In the 60’s and 70’s, musical Utopia for us baby boomers, English blues-rock band Ten Years After produced eight Top 40 albums. Their name, apropos of the 10-year anniversary of the destruction of the World Trade Center, two of their songs seem especially poignant today.
I’m Going Home is for all American troops, from Korea to Iraq, from Okinawa to Somalia. I’d Love To Change The World is both timeless and myopic.
World peace is the satirical wish of every beauty queen spoofed in sketch. Whether or not realistic, until that day comes it serves us well to remember that there are those who have pledged their lives to the destruction of America.
The why is unimportant. Just as they can not understand our way of life, we can not understand theirs.
Our foreign policy tends to implement the notion that all nations crave the American dream. I would challenge that notion.
Politics, religion and philosophy aside, today is about reflection.
Reflection about those who perished on that day 10 years ago, simply going about their lives.
About those who raced into the eye of disaster, as they always do, in service to their communities.
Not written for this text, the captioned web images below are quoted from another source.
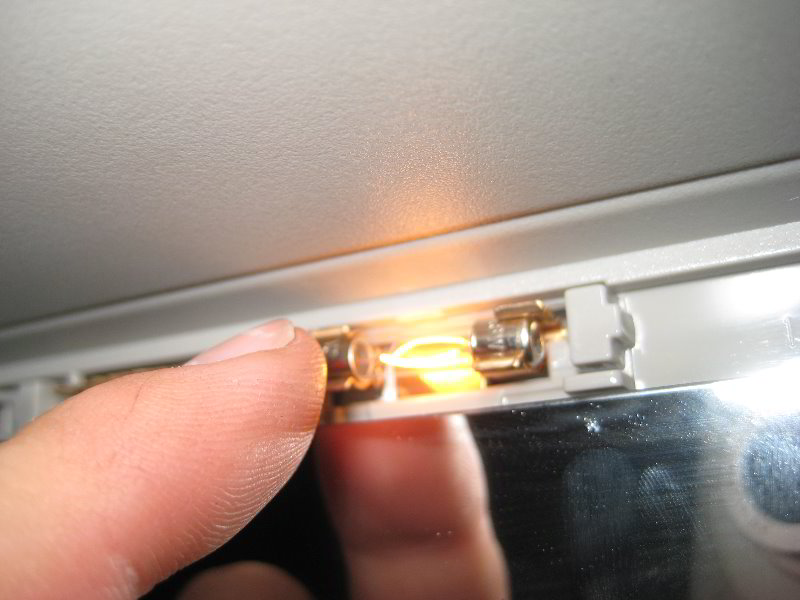 Nissan-Armada-Vanity-Mirror-Light-Bulb-Replacement-Guide-008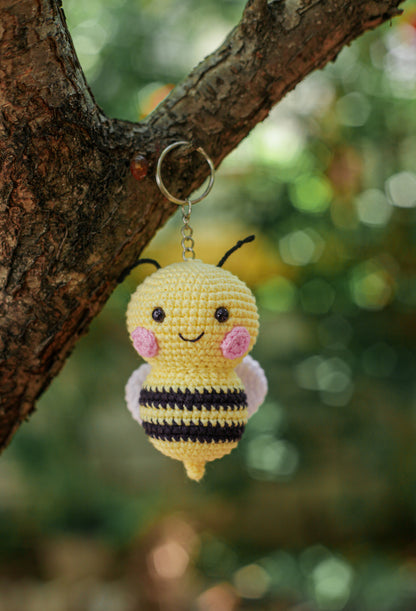 Yellow and black striped crochet bee keychain with pink cheeks hanging from a tree branch
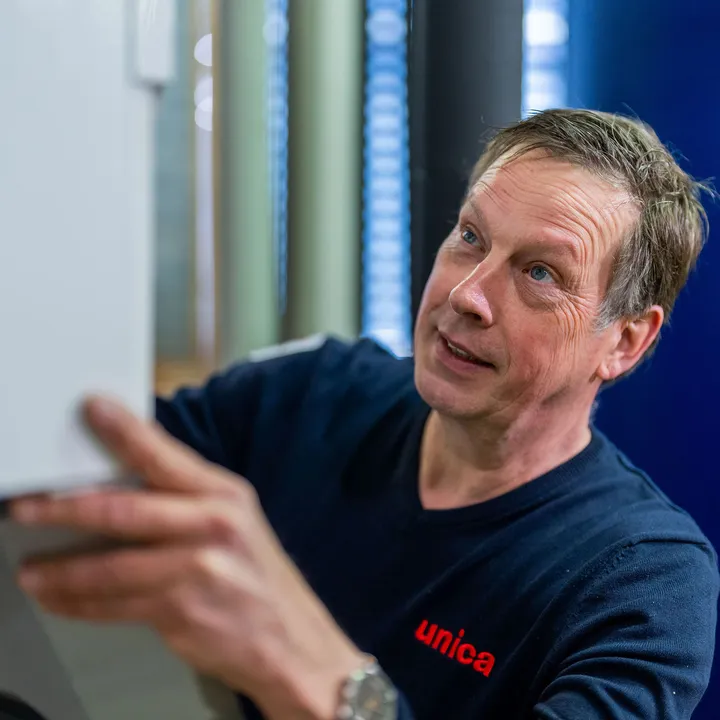 Unica-monteur voert handmatige controle uit op installatiepaneel tijdens onderhoudsronde.
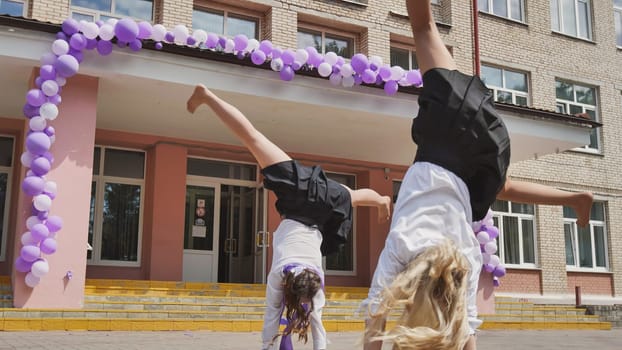 Two schoolgirls performing cartwheels in front of their school on the final day of school, marking the occasion with purple and white balloons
About those who watched helplessly as their comrades lost battles to save victims and themselves, some disappearing forever, only to live on in the hearts of loved ones.
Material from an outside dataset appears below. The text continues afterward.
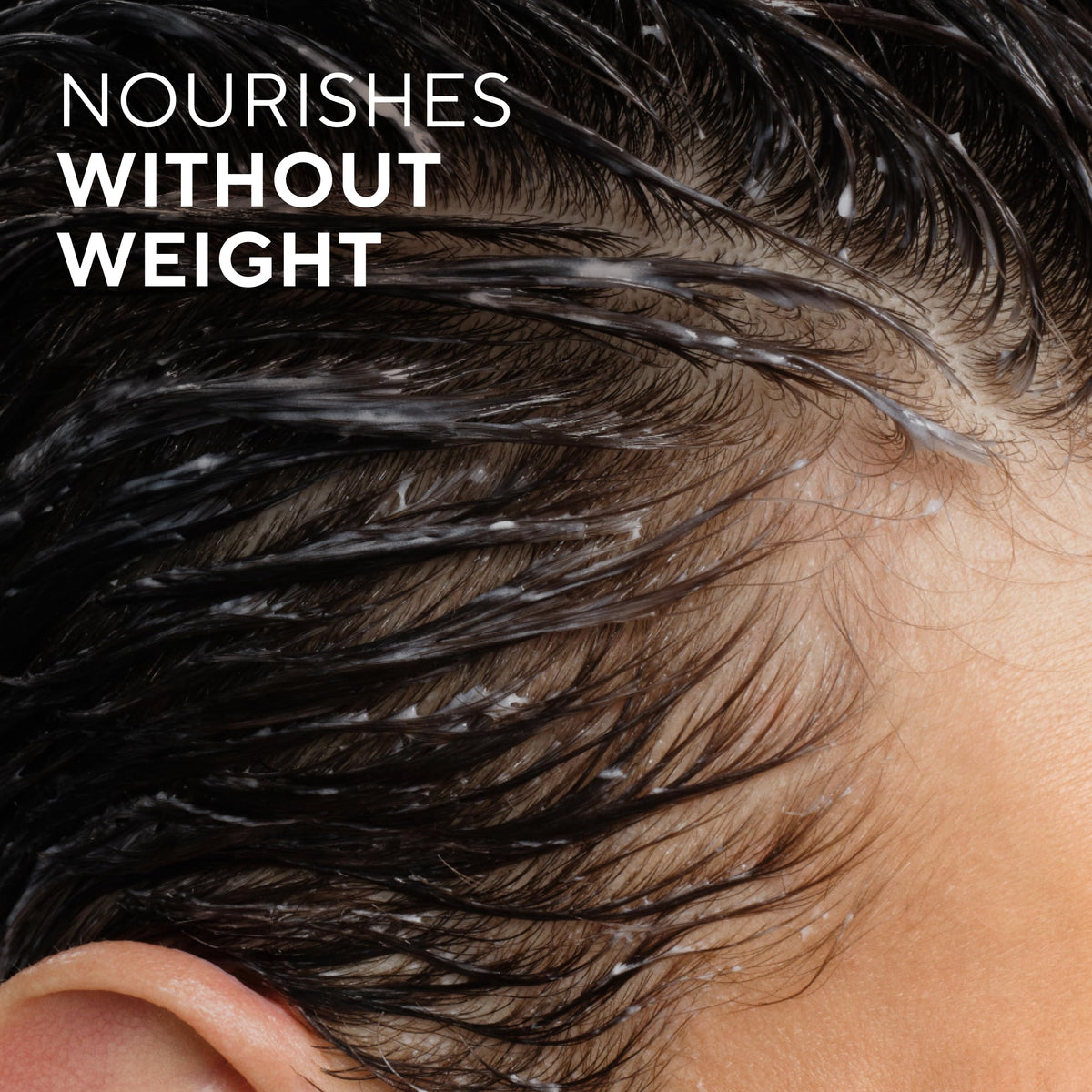 Native in-shower wet hair with lather demonstrating gentle cleansing benefit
About those who rushed into the aftermath and today suffer debilitating afflictions and those who died of those afflictions.
It’s about those who took up arms in defense of family, friends, country and the ideal that is the heart of a great nation. If not the “Greatest Generation”, those who answered the call are certainly a Great Generation.
To you, seeking only to defend that which you hold most dear, often paying with your life we say, Thank you and Godspeed. You will not be forgotten.
The heroes of World War II are leaving us at a rate of about 900 per day, their stories often lost with their passing. History is their legacy, it is the lessons left behind by those who have gone before.
Today is about reflection. Today is about those lessons.